Fidencio enmudeció. En sus adentros, el miedo y el coraje le recorrían de las vísceras a la piel. Porque, aun cuando se consideraba un soldado leal, también tenía mucho de indio; así le decían en el cuartel: “El Indio”. Las noticias de las derrotas del ejército realista ante los indígenas de Mezcala le hacían brincar más rápido el corazón. Un orgullo secreto le removía el pecho. No se sentía traidor al ejército, prueba de ello era su asignación como el hombre de confianza del coronel, pero el llamado de su raza se le arraigaba en el alma conforme se hacía viejo y se sentía más cerca de la muerte que, según él, lo esperaba siempre en la siguiente batalla.

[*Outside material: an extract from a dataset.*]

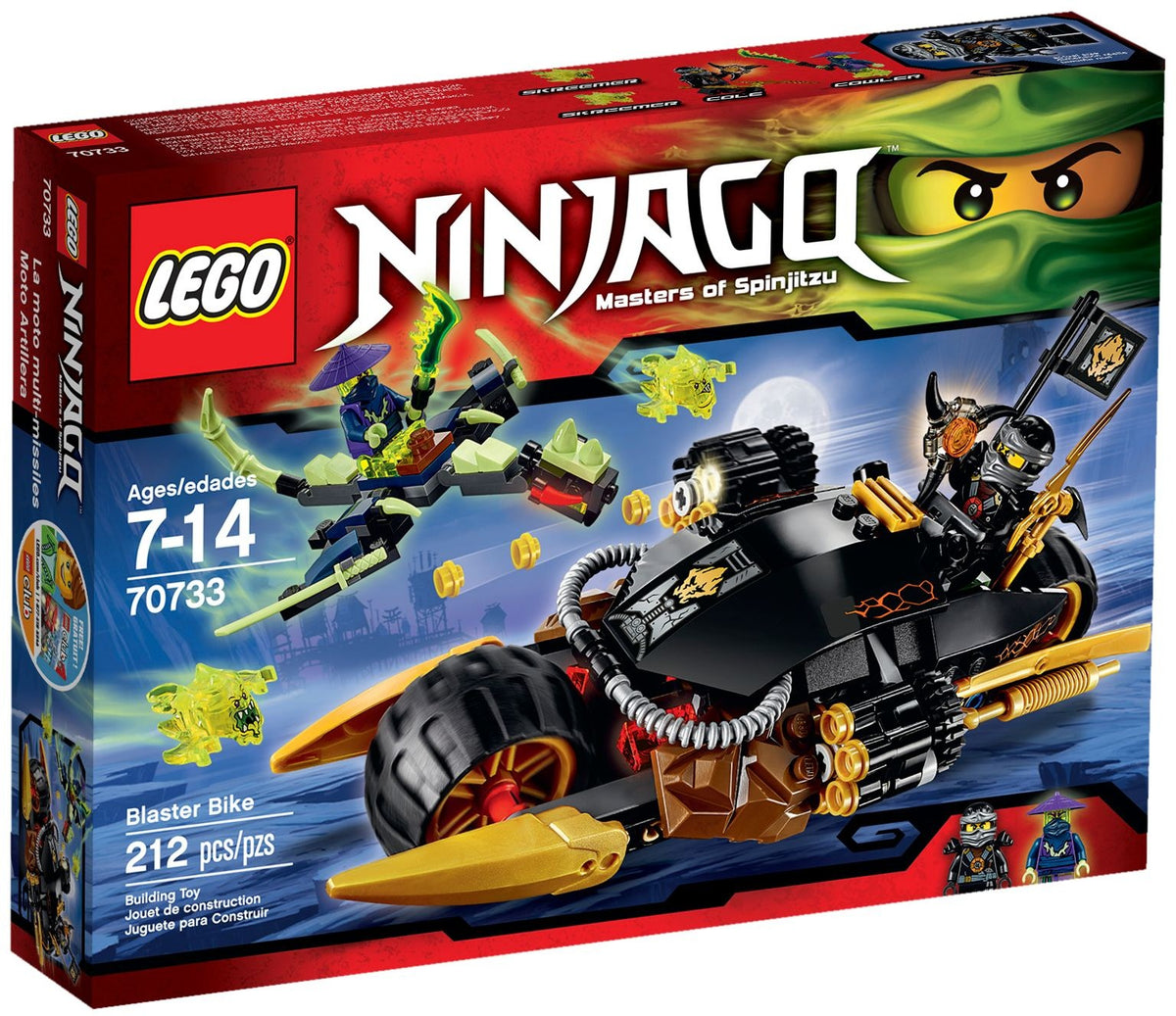 LEGO Ninjago 70733 Cole&#39;s Donner-Bike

Salió a cubierta y encendió su pipa. Observó, en la tranquilidad del lago de Chapala, el reflejo del cielo estrellado envuelto en la claridad de la luna llena. A lo lejos, la isla de Mezcala semejaba una bestia inmóvil en espera de su presa. Jaló aire, aventó el humo y miró al cielo pidiendo, una vez más, que los indios isleños libraran el ataque del día siguiente y con ello dejaran claro, de nueva cuenta, que eran dueños de su territorio.
Fidencio lo sabía tras los años de reclutamiento de muchos indígenas de la región que se agregaban al ejército para sobrevivir a los azotes españoles contra las comunidades ribereñas. Ahora, en la batalla que le aguardaba, la vida lo haría testigo de la lucha de un pueblo por su derecho legítimo.
Era la madrugada del 20 de junio de 1813. El lago del Chapala en calma y la extrema organización naval del capitán Felipe García —experto marino asignado a la misión— favorecían la estrategia militar de Celestino Negrete: atacar el noroeste de la isla por ser el lado más vulnerable. Fidencio se colocó entre ambos, al pendiente, como era su deber, de las instrucciones inmediatas de su coronel, quien mostraba un gesto de confianza por la ofensiva. El capitán García sentenció:
—Esta islita nos la llevaremos arrastrada entre las anclas de nuestros barcos —y miró a Negrete quien respondió con una sonrisa de tranquilidad.